--- START ---

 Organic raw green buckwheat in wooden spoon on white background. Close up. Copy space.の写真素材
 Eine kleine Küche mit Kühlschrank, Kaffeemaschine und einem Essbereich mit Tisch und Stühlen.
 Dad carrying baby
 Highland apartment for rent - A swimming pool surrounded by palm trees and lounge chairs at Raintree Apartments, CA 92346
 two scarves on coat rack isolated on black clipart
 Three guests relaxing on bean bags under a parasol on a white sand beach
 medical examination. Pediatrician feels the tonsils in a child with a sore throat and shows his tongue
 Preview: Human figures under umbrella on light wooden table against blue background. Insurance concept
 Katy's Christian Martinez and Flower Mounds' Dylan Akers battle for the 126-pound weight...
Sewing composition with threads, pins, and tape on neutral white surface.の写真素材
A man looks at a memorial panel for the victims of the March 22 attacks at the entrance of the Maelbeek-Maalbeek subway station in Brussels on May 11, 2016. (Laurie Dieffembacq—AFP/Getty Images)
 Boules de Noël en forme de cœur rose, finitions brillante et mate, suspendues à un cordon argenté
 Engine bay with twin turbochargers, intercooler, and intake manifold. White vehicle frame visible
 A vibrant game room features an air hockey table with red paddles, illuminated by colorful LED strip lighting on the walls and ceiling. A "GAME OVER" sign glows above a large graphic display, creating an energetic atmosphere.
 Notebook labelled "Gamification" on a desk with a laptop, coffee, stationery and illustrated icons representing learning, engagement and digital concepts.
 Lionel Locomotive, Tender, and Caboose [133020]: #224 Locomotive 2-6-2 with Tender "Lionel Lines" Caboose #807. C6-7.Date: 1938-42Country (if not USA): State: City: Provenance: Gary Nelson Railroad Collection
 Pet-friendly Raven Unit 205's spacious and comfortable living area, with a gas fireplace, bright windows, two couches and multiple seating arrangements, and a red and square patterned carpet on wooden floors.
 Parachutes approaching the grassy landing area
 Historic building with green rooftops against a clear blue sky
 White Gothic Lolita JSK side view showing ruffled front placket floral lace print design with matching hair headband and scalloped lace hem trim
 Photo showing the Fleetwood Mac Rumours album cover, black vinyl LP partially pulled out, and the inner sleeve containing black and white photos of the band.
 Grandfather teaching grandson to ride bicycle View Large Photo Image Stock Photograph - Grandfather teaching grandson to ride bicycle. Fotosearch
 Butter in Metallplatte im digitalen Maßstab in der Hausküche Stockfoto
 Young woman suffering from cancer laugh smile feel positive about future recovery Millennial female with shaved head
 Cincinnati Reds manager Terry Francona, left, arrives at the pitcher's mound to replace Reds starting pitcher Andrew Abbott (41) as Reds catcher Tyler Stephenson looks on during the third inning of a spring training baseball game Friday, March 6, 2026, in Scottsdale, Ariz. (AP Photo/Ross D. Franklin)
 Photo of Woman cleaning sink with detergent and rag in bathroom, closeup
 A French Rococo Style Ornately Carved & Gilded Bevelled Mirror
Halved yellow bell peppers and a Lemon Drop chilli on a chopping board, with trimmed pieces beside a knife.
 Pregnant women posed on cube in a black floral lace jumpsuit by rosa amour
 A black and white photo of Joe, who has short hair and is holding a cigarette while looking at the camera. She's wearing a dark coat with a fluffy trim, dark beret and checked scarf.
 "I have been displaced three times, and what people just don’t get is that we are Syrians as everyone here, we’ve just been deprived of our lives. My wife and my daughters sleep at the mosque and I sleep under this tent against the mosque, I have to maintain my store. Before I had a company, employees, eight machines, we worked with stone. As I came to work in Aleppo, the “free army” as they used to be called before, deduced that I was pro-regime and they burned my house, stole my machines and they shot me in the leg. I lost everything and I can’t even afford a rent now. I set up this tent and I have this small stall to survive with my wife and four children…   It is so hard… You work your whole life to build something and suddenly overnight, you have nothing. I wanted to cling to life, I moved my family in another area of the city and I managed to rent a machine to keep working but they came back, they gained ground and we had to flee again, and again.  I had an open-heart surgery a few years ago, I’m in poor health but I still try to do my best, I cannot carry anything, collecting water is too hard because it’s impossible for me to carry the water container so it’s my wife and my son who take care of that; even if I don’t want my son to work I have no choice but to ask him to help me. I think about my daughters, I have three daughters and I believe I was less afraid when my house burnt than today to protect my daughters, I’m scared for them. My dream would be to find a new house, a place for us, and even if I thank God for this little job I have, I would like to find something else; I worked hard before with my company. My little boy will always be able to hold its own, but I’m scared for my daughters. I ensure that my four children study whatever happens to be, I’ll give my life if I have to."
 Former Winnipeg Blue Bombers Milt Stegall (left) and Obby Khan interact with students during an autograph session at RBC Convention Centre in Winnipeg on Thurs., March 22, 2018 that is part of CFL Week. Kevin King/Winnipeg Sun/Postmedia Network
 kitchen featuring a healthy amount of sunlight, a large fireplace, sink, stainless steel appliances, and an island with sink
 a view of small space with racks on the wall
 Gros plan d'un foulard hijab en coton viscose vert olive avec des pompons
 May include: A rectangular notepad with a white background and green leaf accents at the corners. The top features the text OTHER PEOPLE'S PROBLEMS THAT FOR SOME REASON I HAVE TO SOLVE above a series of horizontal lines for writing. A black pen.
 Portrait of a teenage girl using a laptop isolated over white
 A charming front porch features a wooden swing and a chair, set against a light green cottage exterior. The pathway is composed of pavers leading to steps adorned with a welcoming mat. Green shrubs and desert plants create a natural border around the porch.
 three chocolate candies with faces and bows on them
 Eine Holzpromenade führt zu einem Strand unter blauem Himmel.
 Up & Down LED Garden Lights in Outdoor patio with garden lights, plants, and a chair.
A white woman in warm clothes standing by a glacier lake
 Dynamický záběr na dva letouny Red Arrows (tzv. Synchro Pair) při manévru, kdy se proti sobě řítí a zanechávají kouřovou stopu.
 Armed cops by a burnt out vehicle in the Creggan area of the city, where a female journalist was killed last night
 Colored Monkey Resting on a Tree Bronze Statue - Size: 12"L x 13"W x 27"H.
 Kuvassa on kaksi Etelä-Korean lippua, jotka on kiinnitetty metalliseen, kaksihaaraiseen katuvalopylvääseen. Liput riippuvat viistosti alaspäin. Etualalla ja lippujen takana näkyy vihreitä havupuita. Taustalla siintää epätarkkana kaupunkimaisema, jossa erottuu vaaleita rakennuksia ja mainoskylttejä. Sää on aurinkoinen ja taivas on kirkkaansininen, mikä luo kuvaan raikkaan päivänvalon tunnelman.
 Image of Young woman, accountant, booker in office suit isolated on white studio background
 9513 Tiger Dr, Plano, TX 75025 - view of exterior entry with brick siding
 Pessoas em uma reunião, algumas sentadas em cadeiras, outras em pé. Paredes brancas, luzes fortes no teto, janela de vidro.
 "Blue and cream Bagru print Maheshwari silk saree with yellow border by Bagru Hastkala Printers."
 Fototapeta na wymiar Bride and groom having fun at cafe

--- END ---

- _PROBLEM DETAILS_
Type out the entries once more, precisely.

- _TASK RESULT_
 Organic raw green buckwheat in wooden spoon on white background. Close up. Copy space.の写真素材
 Eine kleine Küche mit Kühlschrank, Kaffeemaschine und einem Essbereich mit Tisch und Stühlen.
 Dad carrying baby
 Highland apartment for rent - A swimming pool surrounded by palm trees and lounge chairs at Raintree Apartments, CA 92346
 two scarves on coat rack isolated on black clipart
 Three guests relaxing on bean bags under a parasol on a white sand beach
 medical examination. Pediatrician feels the tonsils in a child with a sore throat and shows his tongue
 Preview: Human figures under umbrella on light wooden table against blue background. Insurance concept
 Katy's Christian Martinez and Flower Mounds' Dylan Akers battle for the 126-pound weight...
Sewing composition with threads, pins, and tape on neutral white surface.の写真素材
A man looks at a memorial panel for the victims of the March 22 attacks at the entrance of the Maelbeek-Maalbeek subway station in Brussels on May 11, 2016. (Laurie Dieffembacq—AFP/Getty Images)
 Boules de Noël en forme de cœur rose, finitions brillante et mate, suspendues à un cordon argenté
 Engine bay with twin turbochargers, intercooler, and intake manifold. White vehicle frame visible
 A vibrant game room features an air hockey table with red paddles, illuminated by colorful LED strip lighting on the walls and ceiling. A "GAME OVER" sign glows above a large graphic display, creating an energetic atmosphere.
 Notebook labelled "Gamification" on a desk with a laptop, coffee, stationery and illustrated icons representing learning, engagement and digital concepts.
 Lionel Locomotive, Tender, and Caboose [133020]: #224 Locomotive 2-6-2 with Tender "Lionel Lines" Caboose #807. C6-7.Date: 1938-42Country (if not USA): State: City: Provenance: Gary Nelson Railroad Collection
 Pet-friendly Raven Unit 205's spacious and comfortable living area, with a gas fireplace, bright windows, two couches and multiple seating arrangements, and a red and square patterned carpet on wooden floors.
 Parachutes approaching the grassy landing area
 Historic building with green rooftops against a clear blue sky
 White Gothic Lolita JSK side view showing ruffled front placket floral lace print design with matching hair headband and scalloped lace hem trim
 Photo showing the Fleetwood Mac Rumours album cover, black vinyl LP partially pulled out, and the inner sleeve containing black and white photos of the band.
 Grandfather teaching grandson to ride bicycle View Large Photo Image Stock Photograph - Grandfather teaching grandson to ride bicycle. Fotosearch
 Butter in Metallplatte im digitalen Maßstab in der Hausküche Stockfoto
 Young woman suffering from cancer laugh smile feel positive about future recovery Millennial female with shaved head
 Cincinnati Reds manager Terry Francona, left, arrives at the pitcher's mound to replace Reds starting pitcher Andrew Abbott (41) as Reds catcher Tyler Stephenson looks on during the third inning of a spring training baseball game Friday, March 6, 2026, in Scottsdale, Ariz. (AP Photo/Ross D. Franklin)
 Photo of Woman cleaning sink with detergent and rag in bathroom, closeup
 A French Rococo Style Ornately Carved & Gilded Bevelled Mirror
Halved yellow bell peppers and a Lemon Drop chilli on a chopping board, with trimmed pieces beside a knife.
 Pregnant women posed on cube in a black floral lace jumpsuit by rosa amour
 A black and white photo of Joe, who has short hair and is holding a cigarette while looking at the camera. She's wearing a dark coat with a fluffy trim, dark beret and checked scarf.
 "I have been displaced three times, and what people just don’t get is that we are Syrians as everyone here, we’ve just been deprived of our lives. My wife and my daughters sleep at the mosque and I sleep under this tent against the mosque, I have to maintain my store. Before I had a company, employees, eight machines, we worked with stone. As I came to work in Aleppo, the “free army” as they used to be called before, deduced that I was pro-regime and they burned my house, stole my machines and they shot me in the leg. I lost everything and I can’t even afford a rent now. I set up this tent and I have this small stall to survive with my wife and four children…   It is so hard… You work your whole life to build something and suddenly overnight, you have nothing. I wanted to cling to life, I moved my family in another area of the city and I managed to rent a machine to keep working but they came back, they gained ground and we had to flee again, and again.  I had an open-heart surgery a few years ago, I’m in poor health but I still try to do my best, I cannot carry anything, collecting water is too hard because it’s impossible for me to carry the water container so it’s my wife and my son who take care of that; even if I don’t want my son to work I have no choice but to ask him to help me. I think about my daughters, I have three daughters and I believe I was less afraid when my house burnt than today to protect my daughters, I’m scared for them. My dream would be to find a new house, a place for us, and even if I thank God for this little job I have, I would like to find something else; I worked hard before with my company. My little boy will always be able to hold its own, but I’m scared for my daughters. I ensure that my four children study whatever happens to be, I’ll give my life if I have to."
 Former Winnipeg Blue Bombers Milt Stegall (left) and Obby Khan interact with students during an autograph session at RBC Convention Centre in Winnipeg on Thurs., March 22, 2018 that is part of CFL Week. Kevin King/Winnipeg Sun/Postmedia Network
 kitchen featuring a healthy amount of sunlight, a large fireplace, sink, stainless steel appliances, and an island with sink
 a view of small space with racks on the wall
 Gros plan d'un foulard hijab en coton viscose vert olive avec des pompons
 May include: A rectangular notepad with a white background and green leaf accents at the corners. The top features the text OTHER PEOPLE'S PROBLEMS THAT FOR SOME REASON I HAVE TO SOLVE above a series of horizontal lines for writing. A black pen.
 Portrait of a teenage girl using a laptop isolated over white
 A charming front porch features a wooden swing and a chair, set against a light green cottage exterior. The pathway is composed of pavers leading to steps adorned with a welcoming mat. Green shrubs and desert plants create a natural border around the porch.
 three chocolate candies with faces and bows on them
 Eine Holzpromenade führt zu einem Strand unter blauem Himmel.
 Up & Down LED Garden Lights in Outdoor patio with garden lights, plants, and a chair.
A white woman in warm clothes standing by a glacier lake
 Dynamický záběr na dva letouny Red Arrows (tzv. Synchro Pair) při manévru, kdy se proti sobě řítí a zanechávají kouřovou stopu.
 Armed cops by a burnt out vehicle in the Creggan area of the city, where a female journalist was killed last night
 Colored Monkey Resting on a Tree Bronze Statue - Size: 12"L x 13"W x 27"H.
 Kuvassa on kaksi Etelä-Korean lippua, jotka on kiinnitetty metalliseen, kaksihaaraiseen katuvalopylvääseen. Liput riippuvat viistosti alaspäin. Etualalla ja lippujen takana näkyy vihreitä havupuita. Taustalla siintää epätarkkana kaupunkimaisema, jossa erottuu vaaleita rakennuksia ja mainoskylttejä. Sää on aurinkoinen ja taivas on kirkkaansininen, mikä luo kuvaan raikkaan päivänvalon tunnelman.
 Image of Young woman, accountant, booker in office suit isolated on white studio background
 9513 Tiger Dr, Plano, TX 75025 - view of exterior entry with brick siding
 Pessoas em uma reunião, algumas sentadas em cadeiras, outras em pé. Paredes brancas, luzes fortes no teto, janela de vidro.
 "Blue and cream Bagru print Maheshwari silk saree with yellow border by Bagru Hastkala Printers."
 Fototapeta na wymiar Bride and groom having fun at cafe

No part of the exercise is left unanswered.